\textit{Stochastic} MeanFlow Policies: One-Step Generative Control with Entropic Mirror Descent
For RL practitioners, SMFP offers a practical policy class that balances expressivity and computational efficiency, improving performance over existing methods in continuous control benchmarks.
Stochastic MeanFlow Policies (SMFP) introduce a one-step generative policy class that combines tractable entropy estimation with multimodal expressivity, enabling stable off-policy mirror descent in RL. Across seven MuJoCo tasks, SMFP outperforms Gaussian and generative baselines while maintaining single-step inference.

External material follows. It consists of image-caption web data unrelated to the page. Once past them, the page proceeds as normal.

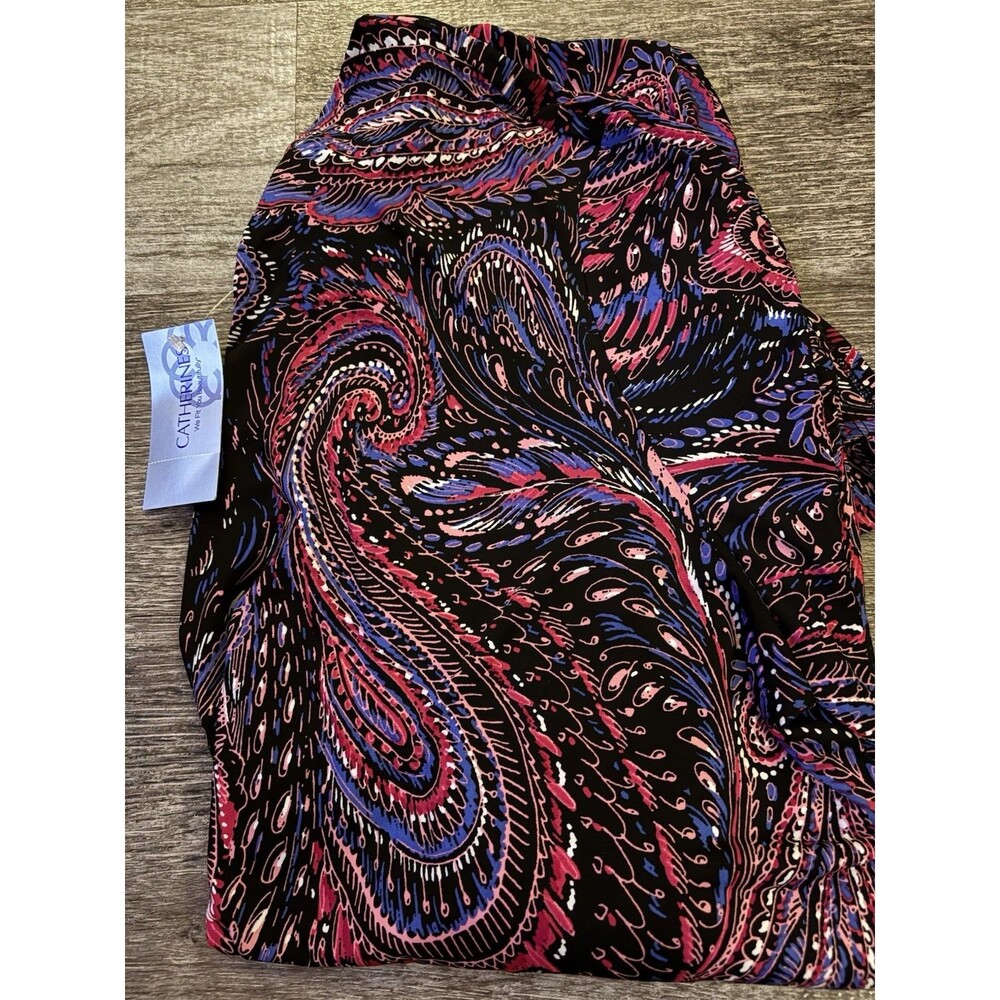 NWT Catherine’s Anywear Open Front Cardigan 4X Paisley Boho Blue Pink Drapey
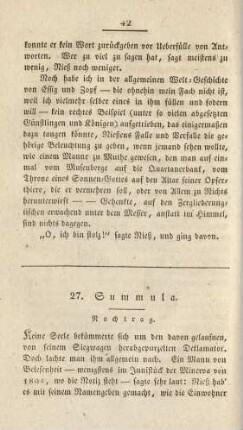 27. Summula. Nachtrag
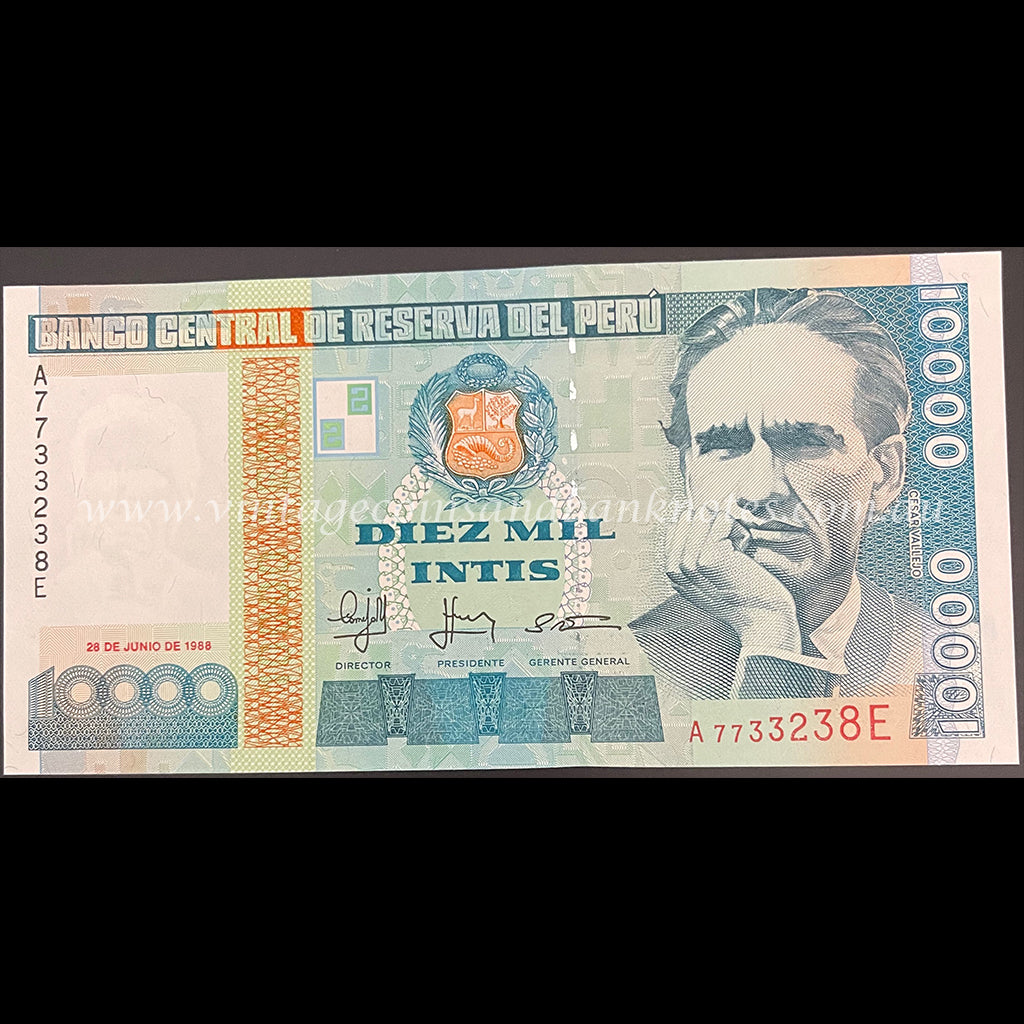 Peru 1988 10,000 Intis UNC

Online off-policy reinforcement learning (RL) is shaped by two coupled choices: the policy class and the update rule. Gaussian policies are fast and have tractable entropy, but struggle with multimodal action distributions. Generative policies are more expressive, but often require iterative sampling or lack tractable entropy estimates. On the optimisation side, SAC-style soft policy improvement and mirror descent (MD) can be viewed as minimising different KL divergences: the former moves the policy towards a value-induced Boltzmann distribution, while the latter regularises each update against the previous policy. Combining entropy regularisation with an MD constraint is therefore attractive, as it supports exploration while stabilising policy improvement; however, the resulting target can be multimodal and is poorly matched by unimodal Gaussian policies. We propose Stochastic MeanFlow Policies (SMFP), a one-step generative policy class that maps Gaussian noise to actions through a MeanFlow transformation. This stochastic reparameterisation yields a tractable entropy surrogate and allows MeanFlow policies to be trained within off-policy mirror descent under a unified objective for exploratory yet stable improvement. Across seven MuJoCo benchmarks, SMFP improves over Gaussian and generative baselines while retaining single-step inference efficiency.